* _TASK TO CARRY OUT_
Give again, unaltered, the lines of the listing below that run from the line having "Item preview, Judge" through the line having "MURAT OĞLU MUSTAFA".
____
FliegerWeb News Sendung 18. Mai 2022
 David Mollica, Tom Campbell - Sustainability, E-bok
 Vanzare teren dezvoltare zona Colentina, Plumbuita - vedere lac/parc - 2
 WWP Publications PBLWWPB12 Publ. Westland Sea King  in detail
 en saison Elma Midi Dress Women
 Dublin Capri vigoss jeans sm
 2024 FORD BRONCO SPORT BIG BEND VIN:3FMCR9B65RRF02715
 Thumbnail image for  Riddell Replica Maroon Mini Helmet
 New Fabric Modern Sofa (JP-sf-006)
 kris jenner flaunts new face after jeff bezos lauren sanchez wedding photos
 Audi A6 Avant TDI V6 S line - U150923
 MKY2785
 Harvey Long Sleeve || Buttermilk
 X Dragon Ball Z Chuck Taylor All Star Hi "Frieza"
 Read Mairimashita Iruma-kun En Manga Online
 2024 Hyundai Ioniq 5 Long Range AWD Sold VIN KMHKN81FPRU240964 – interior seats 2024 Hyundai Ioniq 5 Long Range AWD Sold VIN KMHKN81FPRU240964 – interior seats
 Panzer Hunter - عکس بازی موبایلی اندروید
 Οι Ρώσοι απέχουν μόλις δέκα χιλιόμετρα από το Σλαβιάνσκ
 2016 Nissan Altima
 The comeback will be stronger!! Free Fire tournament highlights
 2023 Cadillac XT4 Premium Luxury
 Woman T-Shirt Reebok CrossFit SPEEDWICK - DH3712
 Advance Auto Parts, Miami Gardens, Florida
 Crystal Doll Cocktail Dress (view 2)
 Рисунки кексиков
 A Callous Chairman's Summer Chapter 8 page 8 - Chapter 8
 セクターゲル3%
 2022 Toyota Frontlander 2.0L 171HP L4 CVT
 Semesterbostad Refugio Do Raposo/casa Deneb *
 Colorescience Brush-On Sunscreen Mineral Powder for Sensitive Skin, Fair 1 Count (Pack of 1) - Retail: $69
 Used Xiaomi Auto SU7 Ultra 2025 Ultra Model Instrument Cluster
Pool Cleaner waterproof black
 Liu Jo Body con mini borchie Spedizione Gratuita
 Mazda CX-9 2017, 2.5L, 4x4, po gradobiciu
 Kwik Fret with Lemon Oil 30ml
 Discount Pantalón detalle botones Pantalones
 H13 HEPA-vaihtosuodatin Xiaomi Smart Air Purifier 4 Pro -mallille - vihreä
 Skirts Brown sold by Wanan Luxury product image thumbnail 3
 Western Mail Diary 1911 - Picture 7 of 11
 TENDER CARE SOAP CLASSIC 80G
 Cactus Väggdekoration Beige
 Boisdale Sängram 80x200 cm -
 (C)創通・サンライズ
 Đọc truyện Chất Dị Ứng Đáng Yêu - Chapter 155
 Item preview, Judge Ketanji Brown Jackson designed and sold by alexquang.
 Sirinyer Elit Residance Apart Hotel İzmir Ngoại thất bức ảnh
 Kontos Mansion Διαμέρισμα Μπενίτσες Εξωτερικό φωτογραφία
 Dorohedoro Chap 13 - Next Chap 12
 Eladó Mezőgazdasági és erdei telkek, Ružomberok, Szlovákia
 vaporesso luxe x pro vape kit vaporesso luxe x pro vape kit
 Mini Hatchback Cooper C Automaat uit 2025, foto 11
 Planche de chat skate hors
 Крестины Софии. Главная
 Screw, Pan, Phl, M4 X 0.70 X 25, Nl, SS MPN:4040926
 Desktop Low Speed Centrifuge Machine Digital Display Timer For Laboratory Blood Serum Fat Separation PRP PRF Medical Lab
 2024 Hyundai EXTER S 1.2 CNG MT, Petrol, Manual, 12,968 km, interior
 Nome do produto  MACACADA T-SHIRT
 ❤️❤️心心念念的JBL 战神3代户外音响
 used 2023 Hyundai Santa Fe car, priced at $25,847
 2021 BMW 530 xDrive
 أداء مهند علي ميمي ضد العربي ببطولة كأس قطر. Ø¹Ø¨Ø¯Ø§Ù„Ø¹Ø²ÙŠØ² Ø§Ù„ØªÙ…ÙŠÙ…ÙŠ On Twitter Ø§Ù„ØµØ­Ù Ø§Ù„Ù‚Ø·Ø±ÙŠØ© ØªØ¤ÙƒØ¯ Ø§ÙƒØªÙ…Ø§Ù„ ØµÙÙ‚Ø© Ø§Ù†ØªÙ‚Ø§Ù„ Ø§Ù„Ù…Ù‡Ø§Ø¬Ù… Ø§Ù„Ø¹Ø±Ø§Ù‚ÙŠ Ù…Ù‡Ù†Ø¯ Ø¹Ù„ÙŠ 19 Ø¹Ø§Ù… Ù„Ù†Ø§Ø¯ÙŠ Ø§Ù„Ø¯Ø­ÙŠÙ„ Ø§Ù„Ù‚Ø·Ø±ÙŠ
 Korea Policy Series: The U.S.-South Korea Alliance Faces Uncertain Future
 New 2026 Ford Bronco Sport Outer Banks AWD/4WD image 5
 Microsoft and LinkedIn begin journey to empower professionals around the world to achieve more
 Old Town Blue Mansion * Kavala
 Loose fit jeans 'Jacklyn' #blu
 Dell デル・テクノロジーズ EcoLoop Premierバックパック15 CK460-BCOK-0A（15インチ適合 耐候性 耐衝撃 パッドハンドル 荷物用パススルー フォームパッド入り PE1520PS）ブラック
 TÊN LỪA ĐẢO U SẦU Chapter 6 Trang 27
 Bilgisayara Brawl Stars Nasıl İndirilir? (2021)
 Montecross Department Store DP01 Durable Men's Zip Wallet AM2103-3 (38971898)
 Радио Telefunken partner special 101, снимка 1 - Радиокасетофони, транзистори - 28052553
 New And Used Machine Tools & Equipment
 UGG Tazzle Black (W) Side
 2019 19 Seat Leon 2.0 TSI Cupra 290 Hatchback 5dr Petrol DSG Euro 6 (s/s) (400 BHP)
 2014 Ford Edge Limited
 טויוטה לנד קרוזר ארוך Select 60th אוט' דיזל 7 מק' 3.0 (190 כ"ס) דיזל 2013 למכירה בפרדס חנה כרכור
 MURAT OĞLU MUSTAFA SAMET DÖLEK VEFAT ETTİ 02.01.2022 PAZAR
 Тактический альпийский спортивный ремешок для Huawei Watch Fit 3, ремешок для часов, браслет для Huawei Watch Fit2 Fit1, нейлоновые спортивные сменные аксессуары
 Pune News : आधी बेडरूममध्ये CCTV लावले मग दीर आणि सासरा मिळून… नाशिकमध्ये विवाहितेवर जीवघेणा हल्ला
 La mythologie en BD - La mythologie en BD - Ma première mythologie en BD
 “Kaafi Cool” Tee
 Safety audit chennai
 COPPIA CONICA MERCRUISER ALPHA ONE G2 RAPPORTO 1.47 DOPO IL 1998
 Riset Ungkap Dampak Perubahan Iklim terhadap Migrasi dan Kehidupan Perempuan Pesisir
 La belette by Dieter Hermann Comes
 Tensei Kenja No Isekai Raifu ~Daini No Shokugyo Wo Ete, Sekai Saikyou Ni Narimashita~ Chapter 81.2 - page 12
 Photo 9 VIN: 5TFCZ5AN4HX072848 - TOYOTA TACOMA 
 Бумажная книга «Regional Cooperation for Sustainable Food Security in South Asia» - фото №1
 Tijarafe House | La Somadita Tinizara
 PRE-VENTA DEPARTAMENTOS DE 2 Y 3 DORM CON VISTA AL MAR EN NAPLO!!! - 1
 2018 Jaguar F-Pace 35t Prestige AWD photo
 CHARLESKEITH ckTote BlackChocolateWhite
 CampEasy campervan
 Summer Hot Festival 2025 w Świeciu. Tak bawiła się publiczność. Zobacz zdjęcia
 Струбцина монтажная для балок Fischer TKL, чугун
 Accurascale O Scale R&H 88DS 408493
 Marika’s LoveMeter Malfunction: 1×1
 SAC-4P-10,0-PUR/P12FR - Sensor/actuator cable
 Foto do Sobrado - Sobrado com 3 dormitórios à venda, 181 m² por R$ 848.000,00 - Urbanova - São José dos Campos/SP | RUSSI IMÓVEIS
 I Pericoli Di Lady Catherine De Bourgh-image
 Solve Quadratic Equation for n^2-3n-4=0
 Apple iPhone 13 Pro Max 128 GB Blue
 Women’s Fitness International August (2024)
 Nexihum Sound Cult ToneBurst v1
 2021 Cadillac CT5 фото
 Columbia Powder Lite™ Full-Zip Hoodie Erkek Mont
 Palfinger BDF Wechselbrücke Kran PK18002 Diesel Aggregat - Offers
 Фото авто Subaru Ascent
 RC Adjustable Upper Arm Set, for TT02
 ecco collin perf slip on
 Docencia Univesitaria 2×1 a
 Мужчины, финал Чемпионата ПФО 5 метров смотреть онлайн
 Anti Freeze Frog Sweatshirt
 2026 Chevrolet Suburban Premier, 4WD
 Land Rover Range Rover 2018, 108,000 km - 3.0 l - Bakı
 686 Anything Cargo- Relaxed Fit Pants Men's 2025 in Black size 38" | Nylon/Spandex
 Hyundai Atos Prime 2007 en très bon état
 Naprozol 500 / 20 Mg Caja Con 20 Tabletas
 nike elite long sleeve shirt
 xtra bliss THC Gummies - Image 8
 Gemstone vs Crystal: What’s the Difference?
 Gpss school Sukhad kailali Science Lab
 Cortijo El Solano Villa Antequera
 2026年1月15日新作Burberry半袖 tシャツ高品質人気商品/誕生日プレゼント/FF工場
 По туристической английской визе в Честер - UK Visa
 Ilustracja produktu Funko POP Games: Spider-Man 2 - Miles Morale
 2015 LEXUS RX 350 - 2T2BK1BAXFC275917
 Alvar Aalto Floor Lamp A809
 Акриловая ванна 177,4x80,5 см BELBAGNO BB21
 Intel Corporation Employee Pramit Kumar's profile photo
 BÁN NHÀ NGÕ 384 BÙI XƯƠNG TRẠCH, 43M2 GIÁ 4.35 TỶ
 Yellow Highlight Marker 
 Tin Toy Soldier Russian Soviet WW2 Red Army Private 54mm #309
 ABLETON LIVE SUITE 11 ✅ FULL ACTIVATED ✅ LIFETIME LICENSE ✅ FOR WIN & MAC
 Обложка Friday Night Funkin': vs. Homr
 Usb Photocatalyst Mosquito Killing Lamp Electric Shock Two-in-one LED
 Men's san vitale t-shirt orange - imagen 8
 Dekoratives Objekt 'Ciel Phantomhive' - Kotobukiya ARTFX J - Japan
____
* _ANSWER SPACE_
 Item preview, Judge Ketanji Brown Jackson designed and sold by alexquang.
 Sirinyer Elit Residance Apart Hotel İzmir Ngoại thất bức ảnh
 Kontos Mansion Διαμέρισμα Μπενίτσες Εξωτερικό φωτογραφία
 Dorohedoro Chap 13 - Next Chap 12
 Eladó Mezőgazdasági és erdei telkek, Ružomberok, Szlovákia
 vaporesso luxe x pro vape kit vaporesso luxe x pro vape kit
 Mini Hatchback Cooper C Automaat uit 2025, foto 11
 Planche de chat skate hors
 Крестины Софии. Главная
 Screw, Pan, Phl, M4 X 0.70 X 25, Nl, SS MPN:4040926
 Desktop Low Speed Centrifuge Machine Digital Display Timer For Laboratory Blood Serum Fat Separation PRP PRF Medical Lab
 2024 Hyundai EXTER S 1.2 CNG MT, Petrol, Manual, 12,968 km, interior
 Nome do produto  MACACADA T-SHIRT
 ❤️❤️心心念念的JBL 战神3代户外音响
 used 2023 Hyundai Santa Fe car, priced at $25,847
 2021 BMW 530 xDrive
 أداء مهند علي ميمي ضد العربي ببطولة كأس قطر. Ø¹Ø¨Ø¯Ø§Ù„Ø¹Ø²ÙŠØ² Ø§Ù„ØªÙ…ÙŠÙ…ÙŠ On Twitter Ø§Ù„ØµØ­Ù Ø§Ù„Ù‚Ø·Ø±ÙŠØ© ØªØ¤ÙƒØ¯ Ø§ÙƒØªÙ…Ø§Ù„ ØµÙÙ‚Ø© Ø§Ù†ØªÙ‚Ø§Ù„ Ø§Ù„Ù…Ù‡Ø§Ø¬Ù… Ø§Ù„Ø¹Ø±Ø§Ù‚ÙŠ Ù…Ù‡Ù†Ø¯ Ø¹Ù„ÙŠ 19 Ø¹Ø§Ù… Ù„Ù†Ø§Ø¯ÙŠ Ø§Ù„Ø¯Ø­ÙŠÙ„ Ø§Ù„Ù‚Ø·Ø±ÙŠ
 Korea Policy Series: The U.S.-South Korea Alliance Faces Uncertain Future
 New 2026 Ford Bronco Sport Outer Banks AWD/4WD image 5
 Microsoft and LinkedIn begin journey to empower professionals around the world to achieve more
 Old Town Blue Mansion * Kavala
 Loose fit jeans 'Jacklyn' #blu
 Dell デル・テクノロジーズ EcoLoop Premierバックパック15 CK460-BCOK-0A（15インチ適合 耐候性 耐衝撃 パッドハンドル 荷物用パススルー フォームパッド入り PE1520PS）ブラック
 TÊN LỪA ĐẢO U SẦU Chapter 6 Trang 27
 Bilgisayara Brawl Stars Nasıl İndirilir? (2021)
 Montecross Department Store DP01 Durable Men's Zip Wallet AM2103-3 (38971898)
 Радио Telefunken partner special 101, снимка 1 - Радиокасетофони, транзистори - 28052553
 New And Used Machine Tools & Equipment
 UGG Tazzle Black (W) Side
 2019 19 Seat Leon 2.0 TSI Cupra 290 Hatchback 5dr Petrol DSG Euro 6 (s/s) (400 BHP)
 2014 Ford Edge Limited
 טויוטה לנד קרוזר ארוך Select 60th אוט' דיזל 7 מק' 3.0 (190 כ"ס) דיזל 2013 למכירה בפרדס חנה כרכור
 MURAT OĞLU MUSTAFA SAMET DÖLEK VEFAT ETTİ 02.01.2022 PAZAR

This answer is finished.